CuAl | Nothing but Time
Nothing Phone (3a) – CuAl
By Kester Wong
Hello everyone,
I’m Kester — a designer and maker based in Singapore.
Design, for me, began with sculpture.
I started by shaping clay, carving wood — materials that demanded patience, that changed with every touch. Over time, my practice evolved from crafting standalone objects to exploring how material, memory, and interaction converge. I’ve always been drawn to things that hold presence: that age, that respond, that quietly witness our lives. After moving from the U.S. back to Singapore, this curiosity deepened — especially in a world where everything feels disposable.
I believe objects shouldn’t just be used — they should grow with us.
That belief is at the heart of CuAl, wanting to answer:
What if your phone didn’t resist time — but welcomed it?
What if it became more personal the more you used it?
In a world chasing speed and sleek perfection, what happens when we let our devices slow down? When we allow them to age — to respond, reflect, and remember?
These questions sparked the journey.
CuAl – A Concept Rooted in Time
What if a phone didn’t resist the passage of time, but welcomed it? What if it became more personal the more you used it? Not just a tool — but a companion, shaped by your gestures and habits. Unlike mass-produced devices, this phone embraces time. The side panels change with use, forming a distinct, individual patina. More than sustainable, this design is soulful.
That idea became CuAl — a concept phone that carries memory not in megabytes, but in matter. The aluminum bronze frame darkens where your grip lingers. It shines where your fingers wander. It doesn’t wear out — it wears in. Every mark, every polish, every smudge becomes a quiet autobiography written in material.

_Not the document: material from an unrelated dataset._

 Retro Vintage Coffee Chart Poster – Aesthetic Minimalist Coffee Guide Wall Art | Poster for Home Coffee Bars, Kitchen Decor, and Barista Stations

References | Building a Vocabulary of Touch
Every object tells a story — not just in how it looks, but in how it lives. Our reference board became a mood archive of tactile memory. Four key themes guided us:
Touch – Surfaces that whisper. A satin brush that softens. A polished face that remembers a gesture. A matte skin that keeps secrets.
History – Bronze once shaped our earliest tools and statues. It’s a metal with a legacy — one that marked civilizations, now reimagined.
Industry – Today, aluminum bronze is prized in the maritime world — used in bolts, valves, and ship parts for its corrosion resistance and strength. Its toughness makes it essential. Its beauty makes it surprising.
Revive – We saw an opportunity to give new life to discarded materials. A way to revive both purpose and poetry.
Together, these threads became a material language — one rooted in time, touch, and transformation.

CMF Research | CuAl Exploration
Back in the studio, my hands took the lead.
I started by sourcing 100% copper and aluminum scraps — salvaged plumbing pipes, industrial offcuts, forgotten wiring. I melted them down and cast my own aluminum bronze alloy using existing metallurgical recipes as a starting point. It was dirty, hands-on work — but that’s what made it real.
What emerged from the crucible wasn’t just metal — it was material rebirth. A synthesis of past lives: discarded things now reimagined into a phone that remembers.
This was sustainability with soul. Every ingot carried echoes of where it came from. And every test surface I poured, sanded, and polished showed something new: how this alloy holds light. How it holds touch. How it holds time.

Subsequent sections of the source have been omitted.